Cluster Analysis has been around for a few decades and uses a range of mathematical formula to categorise data into smaller groups or "clusters" which enable researchers to discover relationships. That sounds complex but thankfully computers do all the legwork and it can be a great form of exploratory data analysis with good data visualisation potential. R Tutor has a great tutorial. Here is the code.

> d <- dist(as.matrix(mtcars))
> hc <-hclust(d)
> plot(hc)

Yes that's it!

Saturday 27 November 2010

The Edinburgh Edition

This is my wildly optimistic training plan for next years Edinburgh Marathon. R good for plotting high weekly mileages; not so good for actually doing 20 mile training jogs but it's only a programming language. Speaking of which here is the code.

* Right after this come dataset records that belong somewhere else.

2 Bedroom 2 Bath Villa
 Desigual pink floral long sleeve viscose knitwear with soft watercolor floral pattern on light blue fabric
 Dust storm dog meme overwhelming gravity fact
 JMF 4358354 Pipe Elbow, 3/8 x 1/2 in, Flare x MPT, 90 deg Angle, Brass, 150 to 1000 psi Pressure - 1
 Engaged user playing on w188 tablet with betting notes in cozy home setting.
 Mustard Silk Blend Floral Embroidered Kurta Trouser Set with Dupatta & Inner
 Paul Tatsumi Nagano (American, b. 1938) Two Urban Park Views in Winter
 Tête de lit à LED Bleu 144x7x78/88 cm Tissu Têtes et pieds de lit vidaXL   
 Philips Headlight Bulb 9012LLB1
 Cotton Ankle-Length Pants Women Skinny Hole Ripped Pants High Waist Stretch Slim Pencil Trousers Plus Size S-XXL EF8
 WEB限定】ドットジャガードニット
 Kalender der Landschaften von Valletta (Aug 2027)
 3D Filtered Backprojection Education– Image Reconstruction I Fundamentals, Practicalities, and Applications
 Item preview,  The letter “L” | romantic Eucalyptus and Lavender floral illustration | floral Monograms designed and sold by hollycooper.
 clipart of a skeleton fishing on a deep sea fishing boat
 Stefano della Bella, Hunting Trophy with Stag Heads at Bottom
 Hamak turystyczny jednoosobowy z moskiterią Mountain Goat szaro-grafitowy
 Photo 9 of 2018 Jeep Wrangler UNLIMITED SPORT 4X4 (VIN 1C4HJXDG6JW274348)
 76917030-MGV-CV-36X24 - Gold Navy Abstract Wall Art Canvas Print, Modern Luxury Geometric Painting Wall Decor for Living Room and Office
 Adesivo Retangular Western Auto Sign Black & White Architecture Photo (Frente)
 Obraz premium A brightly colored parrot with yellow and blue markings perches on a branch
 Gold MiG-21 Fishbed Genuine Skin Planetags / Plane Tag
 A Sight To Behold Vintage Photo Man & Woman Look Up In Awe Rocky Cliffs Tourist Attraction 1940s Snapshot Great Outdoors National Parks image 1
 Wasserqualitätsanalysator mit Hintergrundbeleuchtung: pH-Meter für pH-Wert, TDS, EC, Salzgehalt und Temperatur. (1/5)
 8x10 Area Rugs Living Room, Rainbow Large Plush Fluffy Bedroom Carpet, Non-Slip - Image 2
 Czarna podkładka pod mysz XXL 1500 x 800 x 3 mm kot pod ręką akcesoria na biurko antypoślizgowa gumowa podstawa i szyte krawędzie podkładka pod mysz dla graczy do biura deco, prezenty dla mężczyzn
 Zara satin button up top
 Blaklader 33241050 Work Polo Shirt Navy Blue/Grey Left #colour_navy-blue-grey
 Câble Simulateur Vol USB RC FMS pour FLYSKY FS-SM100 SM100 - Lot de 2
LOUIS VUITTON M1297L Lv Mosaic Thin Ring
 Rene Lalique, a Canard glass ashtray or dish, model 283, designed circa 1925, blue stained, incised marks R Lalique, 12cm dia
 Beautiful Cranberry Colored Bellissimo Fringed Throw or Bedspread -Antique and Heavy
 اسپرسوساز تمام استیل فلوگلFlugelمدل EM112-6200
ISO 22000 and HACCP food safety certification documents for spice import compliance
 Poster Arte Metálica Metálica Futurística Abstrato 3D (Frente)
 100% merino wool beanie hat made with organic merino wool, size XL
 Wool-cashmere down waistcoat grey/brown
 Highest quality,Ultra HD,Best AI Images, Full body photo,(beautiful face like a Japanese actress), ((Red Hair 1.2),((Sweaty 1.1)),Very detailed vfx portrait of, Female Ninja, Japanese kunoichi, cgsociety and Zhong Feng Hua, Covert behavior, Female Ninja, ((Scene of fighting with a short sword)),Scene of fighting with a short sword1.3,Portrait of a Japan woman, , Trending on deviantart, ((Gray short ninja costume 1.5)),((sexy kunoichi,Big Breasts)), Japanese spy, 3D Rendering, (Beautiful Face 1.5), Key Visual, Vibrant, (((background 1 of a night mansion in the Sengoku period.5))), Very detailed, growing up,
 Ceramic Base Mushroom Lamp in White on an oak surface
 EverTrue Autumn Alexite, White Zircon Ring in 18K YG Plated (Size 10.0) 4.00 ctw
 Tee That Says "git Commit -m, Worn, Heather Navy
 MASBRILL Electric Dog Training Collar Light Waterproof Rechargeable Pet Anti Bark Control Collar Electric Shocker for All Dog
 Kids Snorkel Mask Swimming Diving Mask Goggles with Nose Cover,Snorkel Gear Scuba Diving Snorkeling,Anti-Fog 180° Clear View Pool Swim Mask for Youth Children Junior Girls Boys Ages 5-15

> jog <-c(24,27,30,34,38,42,44,46,34,48,50,52,34,54,60,65,34,70,60,40,34,15)
> barplot(jog,ylab="Miles", xlab="Week")
> title(xlab= "Week", col.lab=rgb(0,0.5,0))
> title(ylab= "Miles", col.lab=rgb(0,0.5,0))
> title(main="Edinburgh Marathon 2011 Training Plan",)

Tuesday 23 November 2010

Crime data brought to you by R

Like Andy Cotgreave I have been inspired by this Flowingdata tutorial. Why not have a go yourself?



All it took was a few lines of code.

crime <- read.csv("http://datasets.flowingdata.com/crimeRatesByState2008.csv",header=TRUE, sep="\t")
symbols(crime$murder, crime$burglary, circles=crime$population)
radius <- sqrt ( crime$population/ pi )
symbols(crime$murder, crime$burglary, circles=radius, inches=0.35, fg="white", bg="red" , xlab="Murder Rate", ylab="Burglary Rate")
text(4,1275,"Burglary and Murder by Size of State")
text(crime$murder, crime$burglary, crime$state, cex=0.5)